Software & Data Management
The OSICS FBL operates natively via its embedded Linux-based controller and supports multiple control layers: local touchscreen, USB-C serial (VT100 terminal), Ethernet (TCP/IP + SCPI), and optional LabVIEW™, Python (PyVISA), and MATLAB® drivers. All firmware updates are signed and validated to prevent unauthorized modification. Measurement data—including swept-wavelength transmission spectra, power-vs.-wavelength traces, and module health metrics—are exportable in CSV, HDF5, and S2P formats. The system logs all parameter changes with UTC timestamps and operator IDs (when authenticated), supporting traceability per ISO/IEC 17025 Clause 7.7. Optional software packages enable automated pass/fail reporting against user-defined mask templates (e.g., IL ripple < 0.3 dB over C-band), batch processing of wafer-level test maps, and integration with enterprise MES platforms via RESTful API endpoints.
Applications
- Telecom Component Validation: High-accuracy insertion loss, polarization-dependent loss (PDL), and return loss measurements of isolators, circulators, and thin-film filters across full O-to-U bands.
- Silicon Photonics Characterization: On-wafer testing of Mach-Zehnder modulators, grating couplers, and directional couplers requiring sub-picometer wavelength resolution and ASE-free excitation.
- Gas Sensing & Spectroscopy: Wavelength-scanned absorption spectroscopy of methane (1650–1670 nm), ammonia (1510–1540 nm), and water vapor (1360–1410 nm) with calibrated scan rates up to 10 nm/s.
- Photonic Crystal & Metamaterial Analysis: Resonance mapping of defect modes and bandgap edges with dynamic range > 70 dB—enabled by suppression of background ASE floor.
- Research & Standards Metrology: Reference source for NIST-traceable spectral responsivity calibration of optical power meters and spectrometers.
FAQ
What wavelength accuracy and repeatability does the OSICS FBL achieve?
Wavelength accuracy is ±2.5 pm (calibrated against internal reference etalon), with 24-hour repeatability better than ±1 pm under stabilized thermal conditions.
Can the OSICS FBL be integrated into automated wafer probe stations?
Yes—via Ethernet SCPI commands and TTL-compatible trigger I/O; full support for SEMI E54 (GEM) protocol extensions is available upon request.
Is optical isolation included in the output path?
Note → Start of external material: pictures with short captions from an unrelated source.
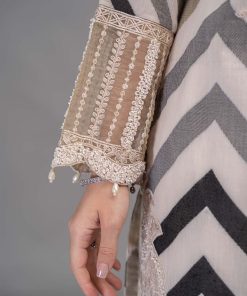 Maria.b Casual Wear Beige Mbds-Ef2314Bl 11 D 14Acloseup4 Imanistudio.com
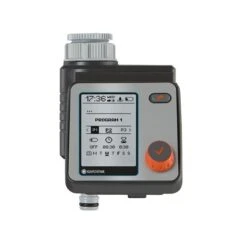 Besproeiingscomputer GARDENA Master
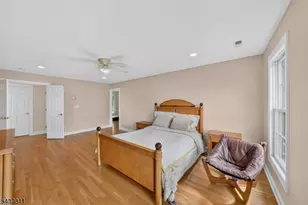 42 Stephens Mill Rd, Mount Olive, NJ 07840 - Photo 22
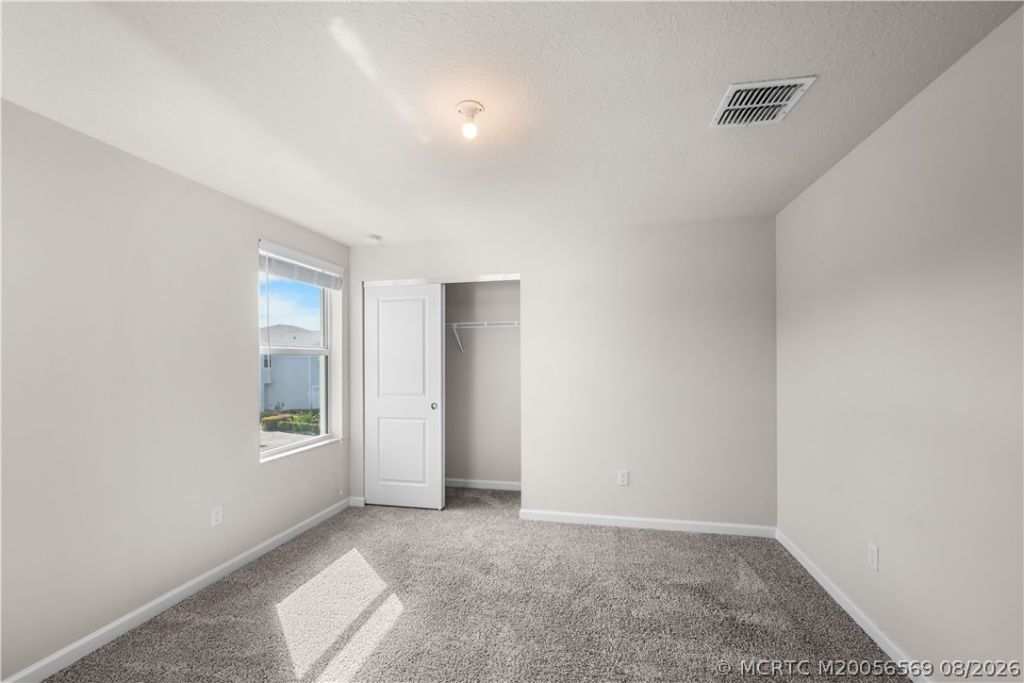 179 Osprey Preserve Boulevard, Jensen Beach, FL 34957 Photo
An integrated 30 dB optical isolator is standard on all PM-fiber variants; optional 40 dB isolators are available for high-reflection device testing.
Does the system support external wavelength locking to a gas cell or interferometer?
Yes—via analog voltage input (0–10 V) for closed-loop stabilization; digital lock-in capability is enabled through optional firmware upgrade.
How is calibration maintained over time?
The OSICS FBL performs automatic self-calibration every 24 hours using its internal Fabry–Pérot reference cavity; calibration certificates (traceable to LNE, France) are issued with each unit and annually renewable.